D’abord les points positifs :
Il s’agit d’un thème peu souvent abordé au théâtre : la fin de l’Indochine et l’exil des vietnamiens à Paris. En fait, c’est un sujet passionnant, d’autant plus qu’il est traité sous l’angle des vietnamiens eux-mêmes, enfin de ceux qui ont été broyés par la fin d’une époque, celle de la colonisation du Vietnam. Mais il n’est pas question de la colonisation, ni de la guerre, seulement de la vie emblématique de quelques personnages perdus dans leurs fidélités et leurs attachements.
Le décor est incroyable, on est dans un restaurant vietnamien.
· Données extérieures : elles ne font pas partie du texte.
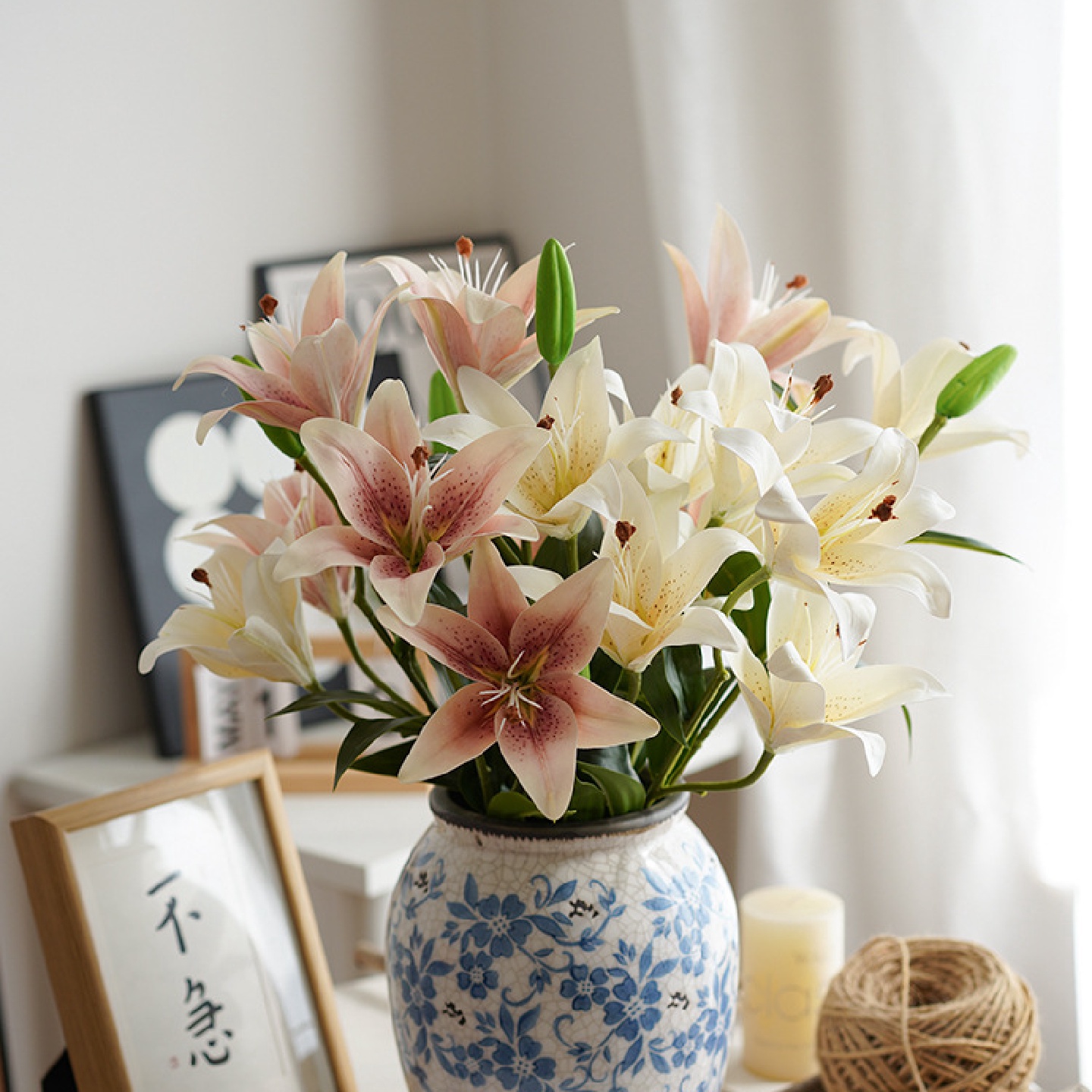 保湿手感百合花客厅餐桌电视柜装饰假花花轻奢花瓶摆驰兆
Tout y est reproduit au détail près, les tables en alu, les chaises, les bols et les verres, les baguettes et sauces sur les tables, le frigo rempli à ras bord, les bouquets de fleurs artificielles, la cuisine avec les bouquets de coriandre, de menthe et de basilic, les niches à bouddha avec l’encens qui fume, les décorations au mur….Il suffit que les ventilateurs tournent et que la lumière (la luminosité) change, et hop, on se transporte de Saïgon 1956 à Paris 1996.
La metteuse en scène , Caroline Guiela Nguyen, fille de Viet kieu (« Vietnamien de l'étranger »), et femme de théâtre reconnue (elle a déjà reçu, à 36 ans de nombreuses distinctions) mélange plusieurs histoires de l'exil et de la séparation, du départ des Français de Saïgon à la réouverture des frontières du Vietnam.
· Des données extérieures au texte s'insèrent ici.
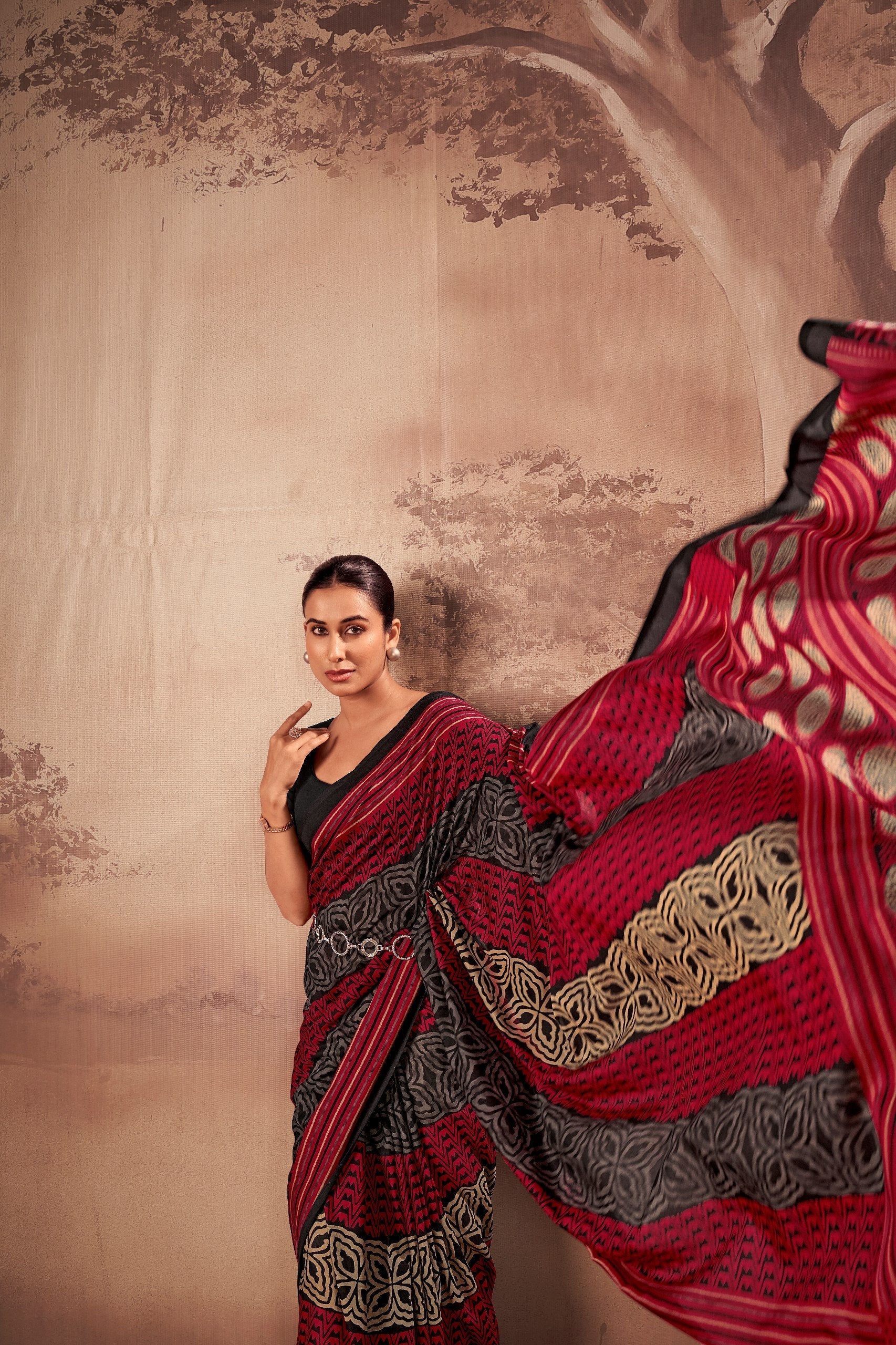 Poly Mal Cotton Printed Saree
Caroline Guila Nguyen a fondé en 2009, la compagnie des Hommes approximatifs qui s’est donné comme mission de produire un travail sur les histoires intimes liées aux bouleversements géopolitiques, sur les histoires absentes des plateaux de théâtre.
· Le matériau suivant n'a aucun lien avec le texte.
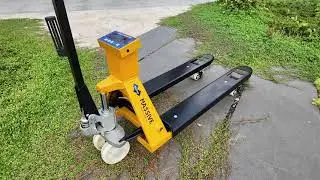 Yellow-Black Carbon Steel Pallet Jack Scale ⚠️ | Massive Weighing Industrial Mobile Scale ⚖️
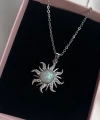 Opal Taşlı Sun Kolye I Çelik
Ce qui est merveilleux également, c’est que la pièce est quasi en totalité jouée en vietnamien (surtitré en français) , ce qui imprime encore plus le décor : on a l’impression de baigner dans la culture, les sons du Vietnam, les odeurs de Vietnam, la musique soit des chants du Vietnam soit des chansons populaires des années 1970 (délicieusement intemporelles comme les chansons de Sylvie Vartan, Dalida…) et l’ambiance des familles vietnamiennes.
Et il y a bien des destins qui s’entrecroisent, un militaire qui ramène (de justesse, il a bien failli la laisser sur place) sa fiancée vietnamienne, un jeune homme seul qui part car il a choisi le clan français au grand dam de sa petite amie vietnamienne, la rencontre avec une femme qui offre accueil et protection en France, (Marguerite Duras ?????) , le retour en visite à Hô Chi Minh Ville où l’on parle plus volontiers anglais que français, la présence française paraissant être totalement oubliée..
Les personnages sont parfois servis par de très bons acteurs : La propriétaire du restaurant qui en est aussi la cuisinière, s’appelle Marie Antoinette (pour rappeler, croyaient ils à ce moment-là, une grande reine française) , joue d’une manière stupéfiante. Elle est minuscule et rondelette, avec une gouaille, une spontanéité, un naturel qui en font un personnage clé de la pièce.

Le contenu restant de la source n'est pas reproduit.